東日本大震災では、東北地方沿岸部にある多くの農地が津波によって浸水し、現在にいたるまで塩害に悩まされています。1000年に一度ともいわれる大地震の規模は、観測データが残されている近過去の研究からは想定できないものだといわれています。しかし、古い史料や層位研究において、過去にこの地域で同程度の地震・津波の生じていたことが判明しています。もし福島の原子力発電所を作るにあたって、より長いスパンの過去の「歴史」を、近現代のデータと同等に扱っていたとしたならば、原発の惨事は防げたのではないかと思うことがあります。
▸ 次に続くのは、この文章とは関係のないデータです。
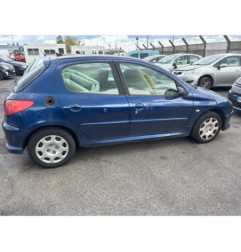 Pare choc avant PEUGEOT 206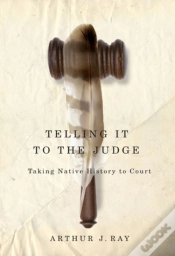 Capa do artigo Telling It To The Judge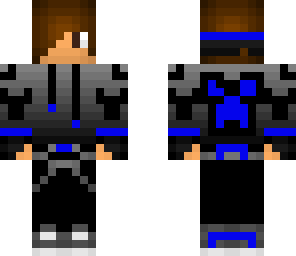blue teen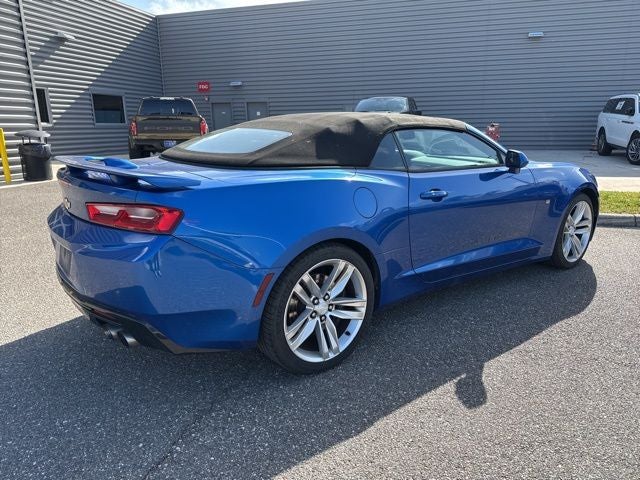 2016 Chevrolet Camaro SS 2SS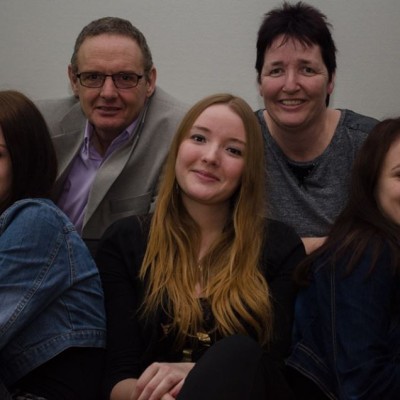 Talentcard van Johan van der Meer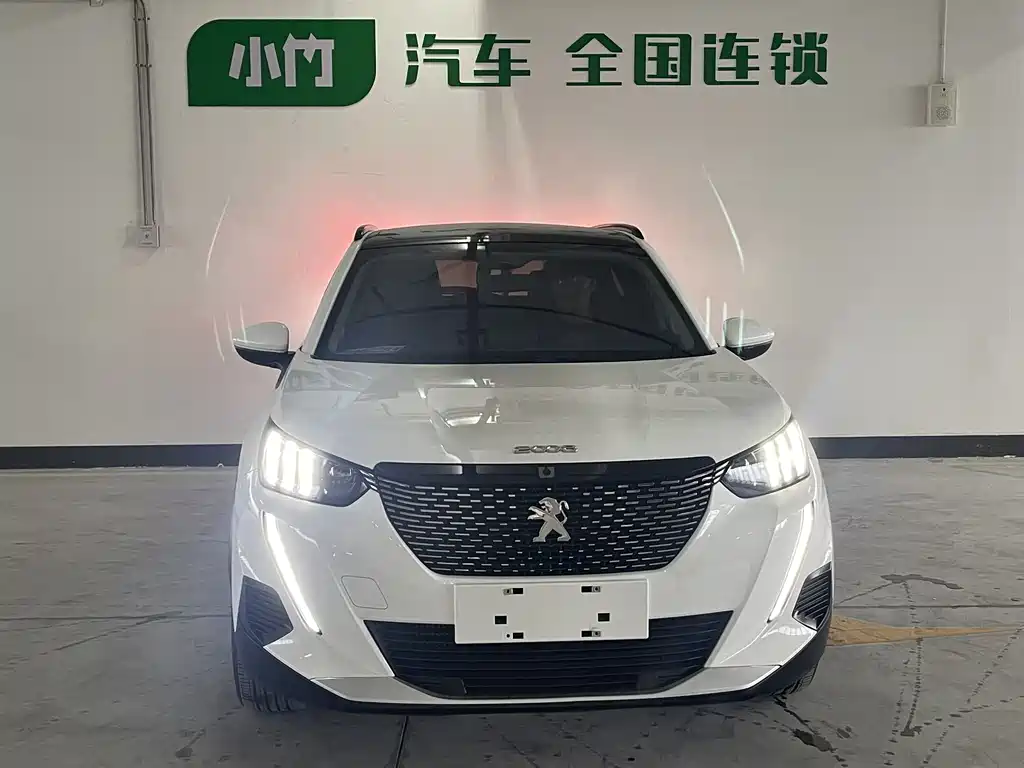 Peugeot 2008 2022 230THP THE ONE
人類の最初期の都市文明を育んだメソポタミアも、幾度となく大きな自然災害に見舞われました。ノアの箱舟の起源となった大洪水や気候変動による旱魃など、そのたびに多くの命が失われ、その惨状は楔形文字の記録によって伝えられます。現在、イラク南部は広大な砂漠と化し、その表面は塩の結晶におおわれて、あたかも雪が積もったかのようです。しかし古代の記録には、現在からは想像できないような多くの動植物が登場します。イラクの風景が現在の姿になるまでに、いったいどのような自然環境変化が生じたのか、人間の活動が環境を変えてきたプロセスについて明らかにする必要があります。


この研究は、自然と人間の相互作用の視点から、古代から現代に至るイラクの環境史の復元を目指します。過去にたどった環境変化の足跡を明らかにすることで、いま現在イラクに生じている環境問題の課題を、より長い時間の中で評価する試みです。本研究の成果が、将来の自然環境と文明社会の共存のためのケース・スタディとして活かされることを望んでいます。